What you will do — Using the listing below, give again exactly the lines from the line with "Gallery Dept Black" to the line with "Emerald Cut Three", inclusive, without the pictures.
###
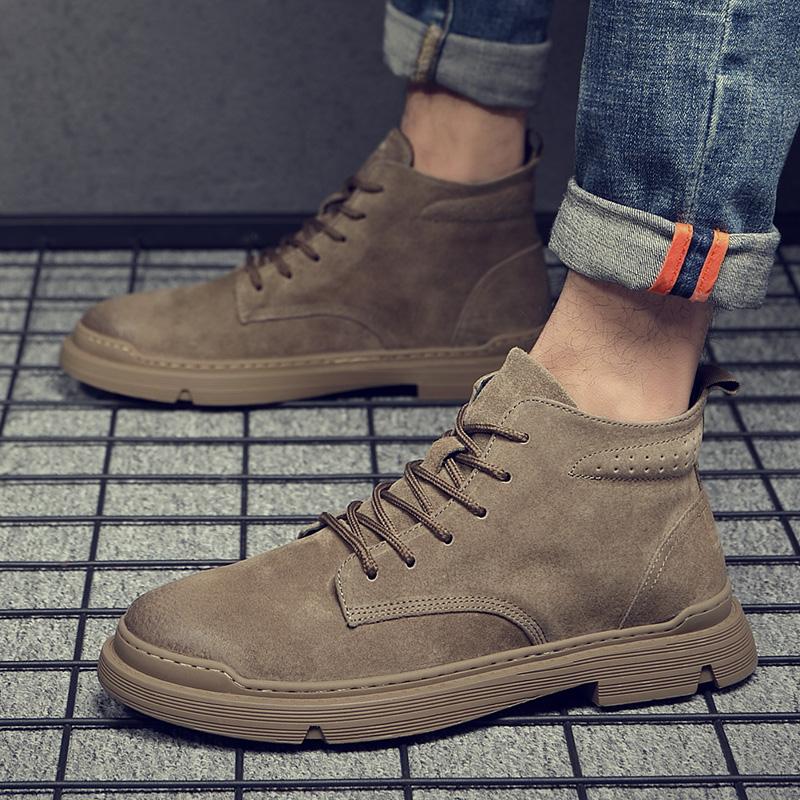 Fashion All-match Men Leather Shoes High Top Man Trainers Casual Mens Walk Footwear Warm Winter Boots Luxury Brand Vulcanized Sneakers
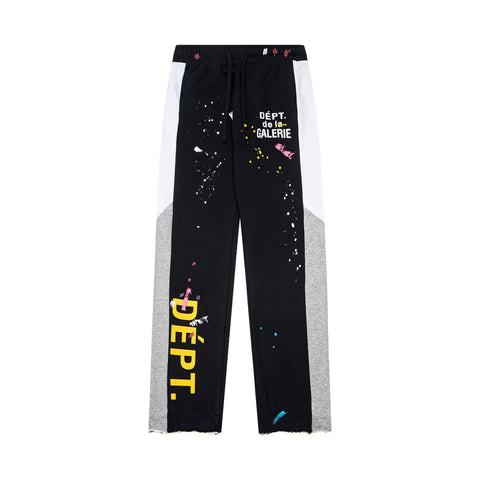 Gallery Dept Black Frayed Hem Logo Splatter Flare Sweatpants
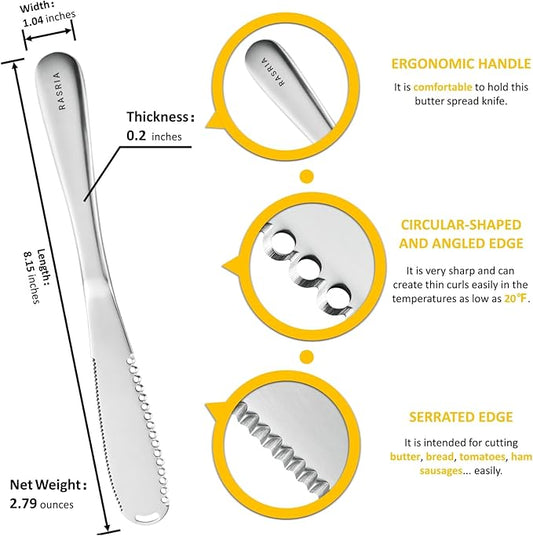Butter Spreader Knife for Cold Butter above 20℉, Butter Slicer, Butter Curler, Butter Grater, Butter Blade (1 knife)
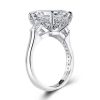 Emerald Cut Three Stone Bridal Set in Sterling Silver with Rhodium Finish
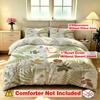 Duvet Cover Set 3Pcs Botanical Fern Leaf Print Soft Microfiber Bedding with Pillowcases Minimalist Bedroom Decor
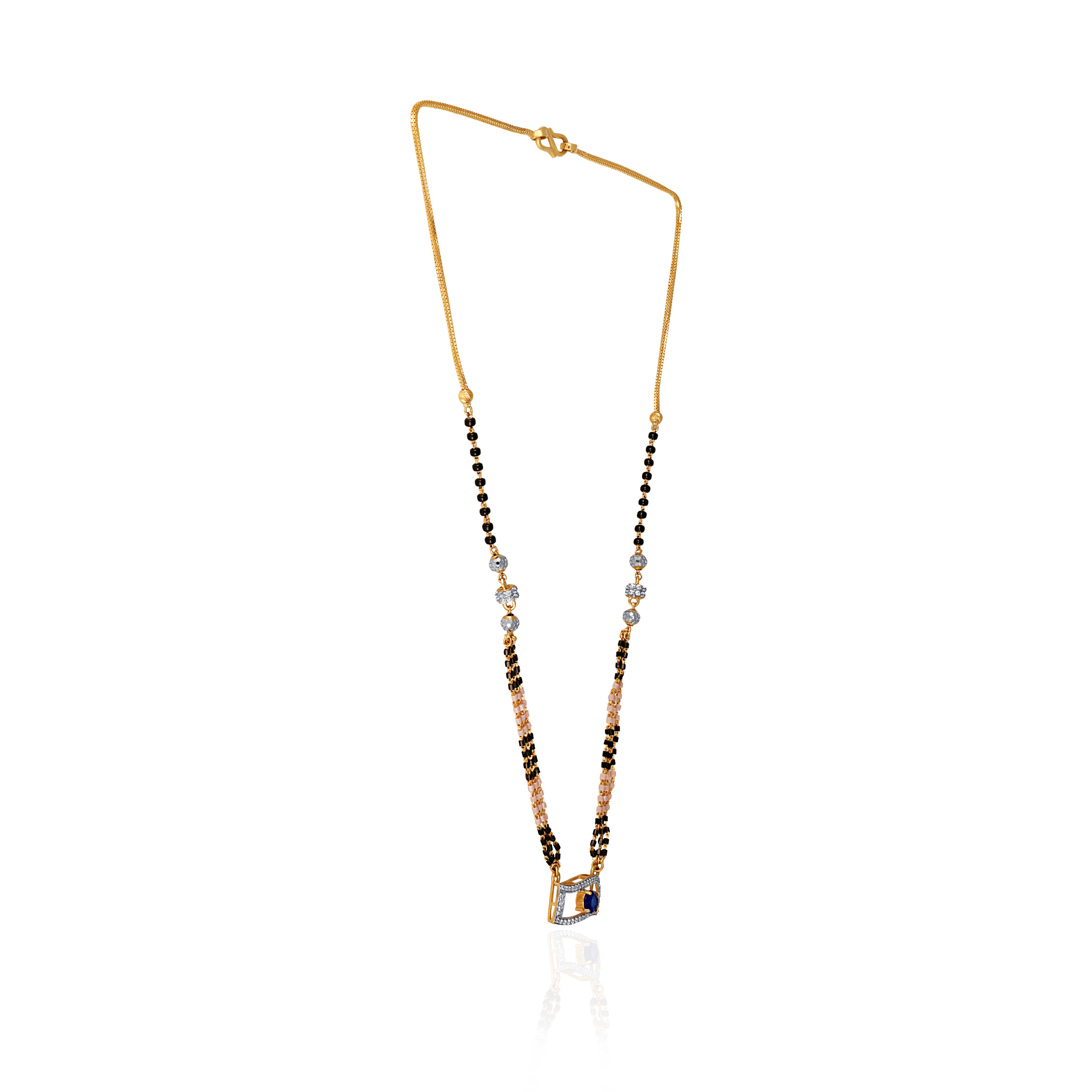 Majestic Three Line Gold Mangalsutra - Senco Gold and Diamonds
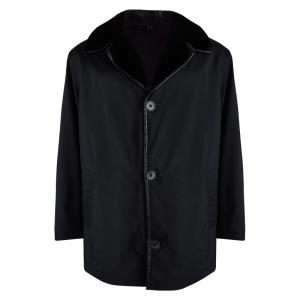 Brioni Black Fur Trim Jacket XXXL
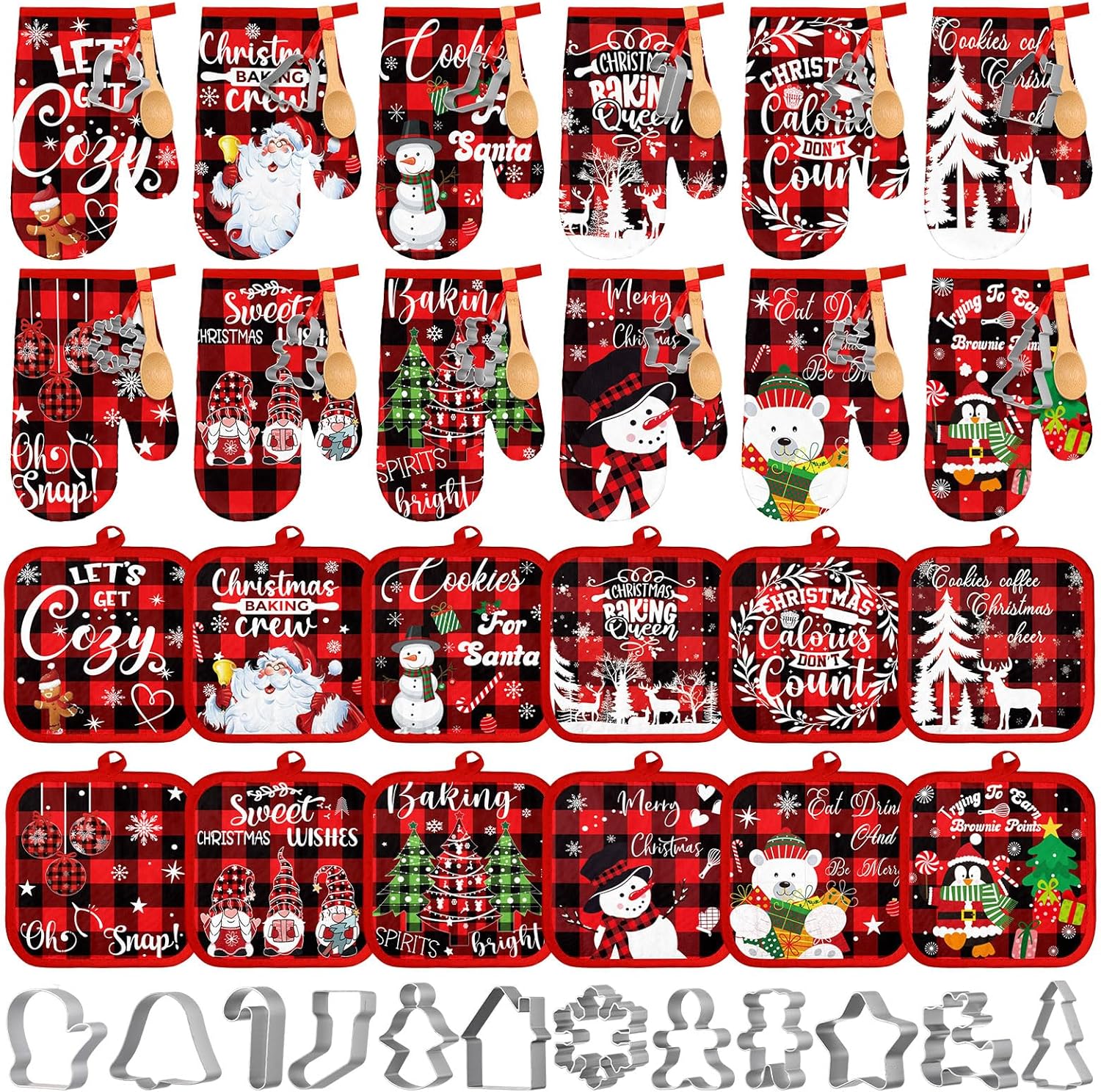 48 pcs Christmas Kitchen Oven Mitts Set for Holiday Baking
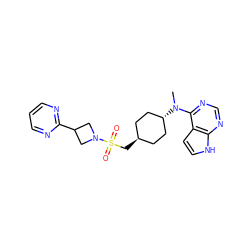 CN(c1ncnc2[nH]ccc12)[C@H]1CC[C@H](CS(=O)(=O)N2CC(c3ncccn3)C2)CC1 ZINC000261167399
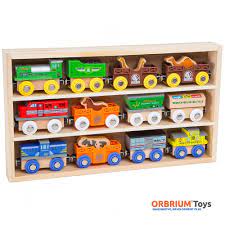 Amazon Com Orbrium Toys 12 Pcs Wooden Engines Train Cars Collection With Animals Farm Safari Zoo Wooden Animal Train Cars Toy Train Wooden Toy Train Toys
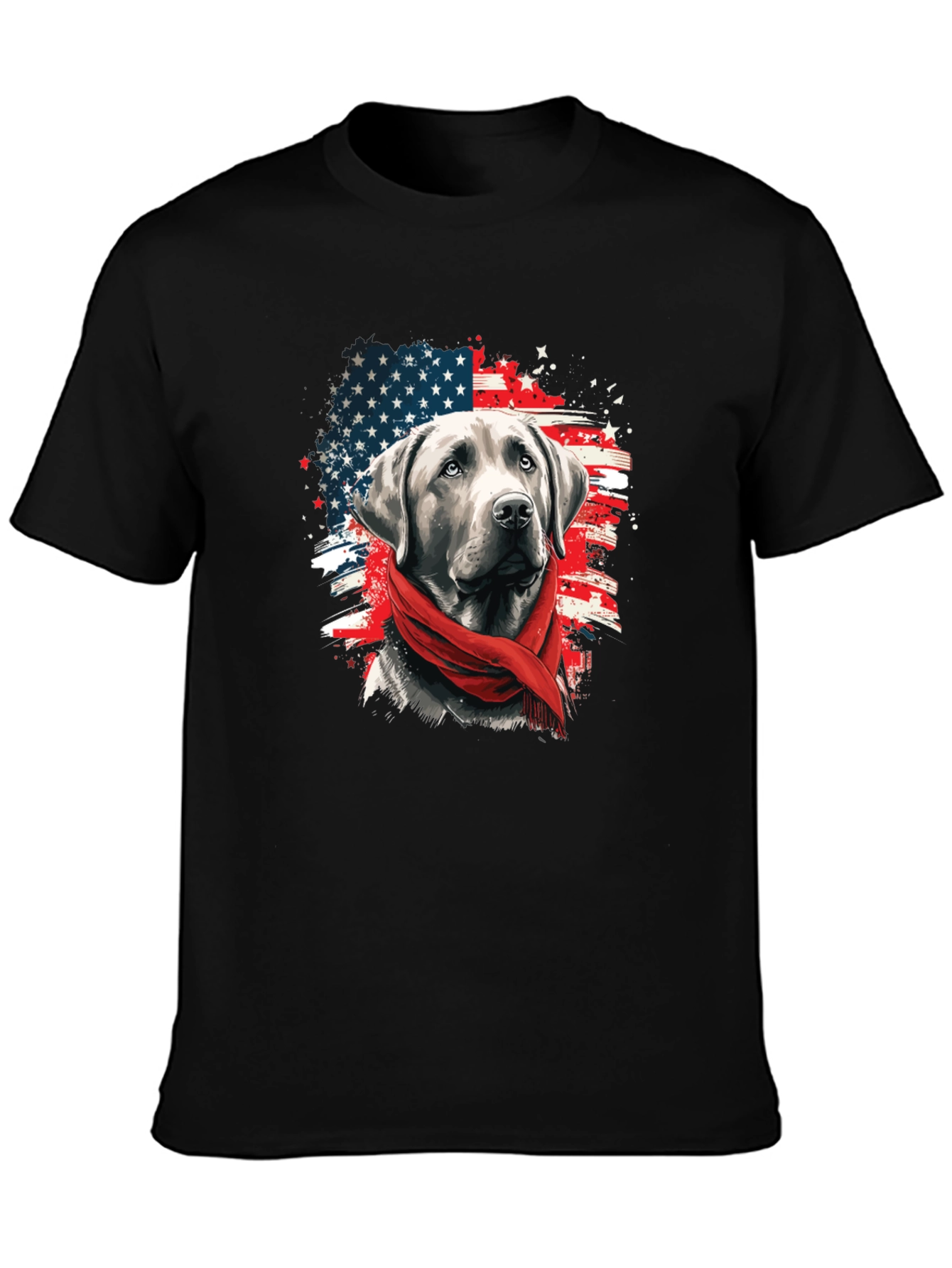 Patriotic Dog Graphic Tee - American Flag Labrador T-Shirt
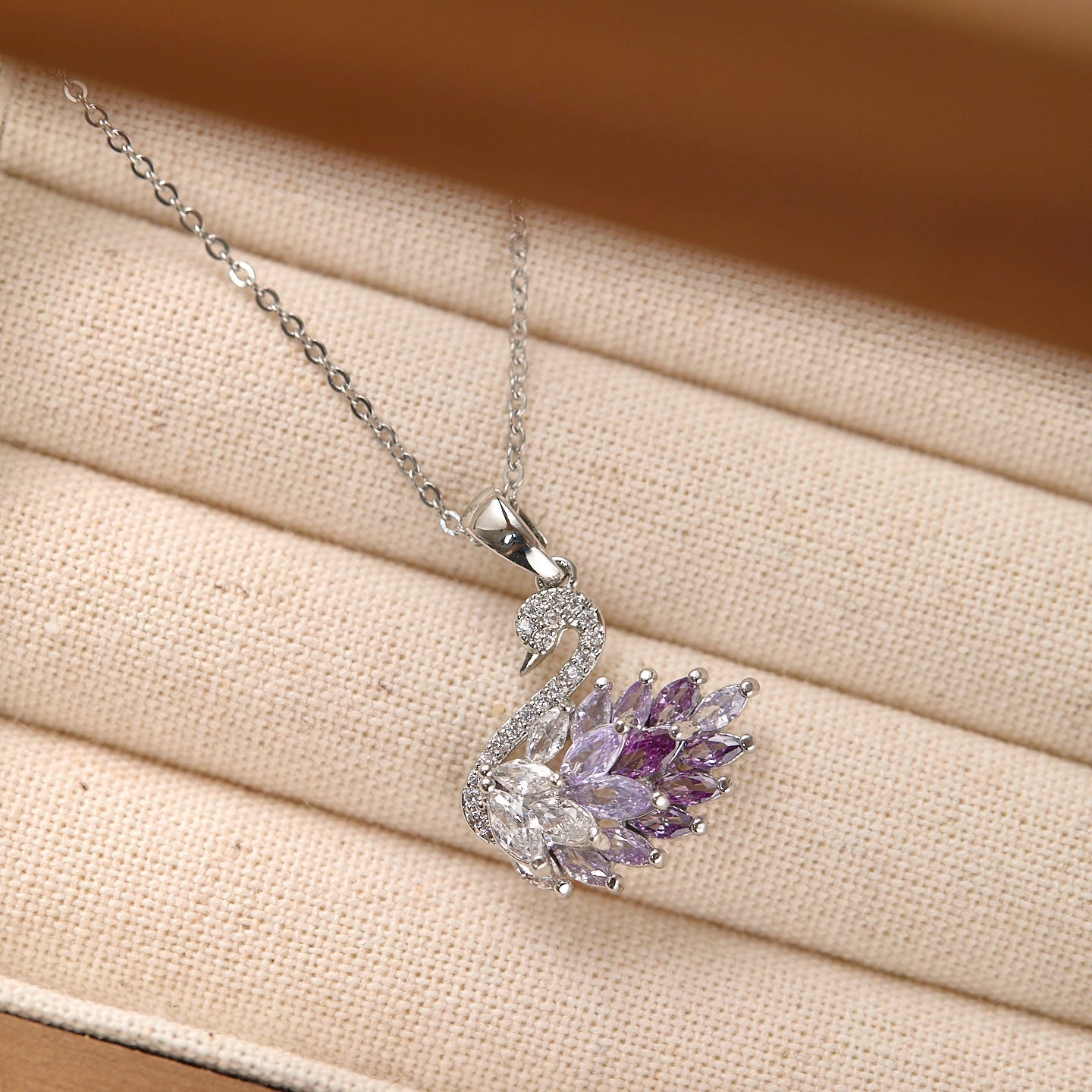 Midsummer Night’s Dream Collection – Vintage Swan Jewelry with Sparkling Purple Zircon (Stud Earrings, Ear Cuff, Necklace, Bracelet)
###
Task output —
 Gallery Dept Black Frayed Hem Logo Splatter Flare Sweatpants
Butter Spreader Knife for Cold Butter above 20℉, Butter Slicer, Butter Curler, Butter Grater, Butter Blade (1 knife)
 Emerald Cut Three Stone Bridal Set in Sterling Silver with Rhodium Finish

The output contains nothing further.